In his speech accepting the Nobel Peace Prize in Oslo last week, Mikhail Gorbachev joined the ominous chorus. If his reform program succeeds, he said in a passage aimed squarely at George Bush, a new world order is possible. But "if perestroika fails, the prospect of entering a new, peaceful period in history will vanish, at least for the foreseeable future." The West should hasten to assist perestroika, Gorbachev insisted, and "it is futile and dangerous to set conditions."
The response from Washington and from the other members of the Group of Seven leading industrial democracies has been to set just the sort of conditions Gorbachev hopes to avoid. Bush is sincere when he says, "I want perestroika to succeed," and he intends to do what he can to make it happen. But the West does not believe that even massive aid -- the figures being bandied about total something like $250 billion over five years -- will help unless the Soviet Union embarks on more fundamental changes than it has been willing to consider so far.
The most recent Soviet reform proposal envisages what some American experts call the "grand bargain" and uses the language of free-market economics. While it calls for privatization and easing up on price controls in return for support from the West, it is still a set of half measures. In fact, halfway seems to be about where Gorbachev intends to stop. He said in Oslo that his plan is to "establish a mixed market economy" -- that is, something less than a free market. At the same time he admonished Western capitals not to hold back assistance until the Soviet Union's system comes to resemble theirs.
Bush values his working relationship with the Soviet President, at least partly because no one knows who or what might follow him. Bush is grateful to Gorbachev for his decision to liberate Eastern Europe from the Kremlin's grip, his diplomatic support in the gulf war, his political reforms at home. He wants Gorbachev to understand that their differences over aid do not mean Bush is backing away from him. But Bush's private doubts about sending hundreds of billions to the U.S.S.R. are as strong as those his aides express publicly.
Among the Group of Seven, says a senior White House adviser, there is general agreement on two points. First, it is in no one's interest to send Moscow huge amounts of aid that it cannot use properly; and second, "the U.S. and its allies need to do everything else they can to support Gorbachev and the reformers."
To do that, Bush has decided on several steps. He will grant the Soviets the most-favored-nation trading status that more than 100 other countries have been given, and he will ask the Senate to ratify a U.S.-Soviet trade agreement. He has already increased credits for grain purchases, and plans to expand the program of technical assistance.
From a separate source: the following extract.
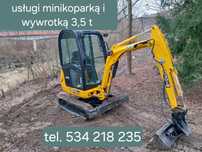 Usługi minikoparką i wywrotką roboty ziemne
Those are not hollow offers. A large part of the Soviet Union's consumer crisis arises from mismanagement rather than a lack of resources. The Soviet oil and gas industry, for example, has enormous reserves but has suffered a crippling fall in production. Similarly, farms could provide food for the entire country if the primitive storage and distribution system were improved. Western experts can show the Soviets how to tackle these problems.
Administration officials agree that Gorbachev faces crucial decisions and believe what the U.S. should push for is not increased efficiency alone but transformation of the entire system. Says one: "We have to provide political and psychological support to the Soviets and encourage them to continue in the direction of reform." Until such a fundamental program is actually being carried out, the official says, "all the nations of the West are going to be very cautious."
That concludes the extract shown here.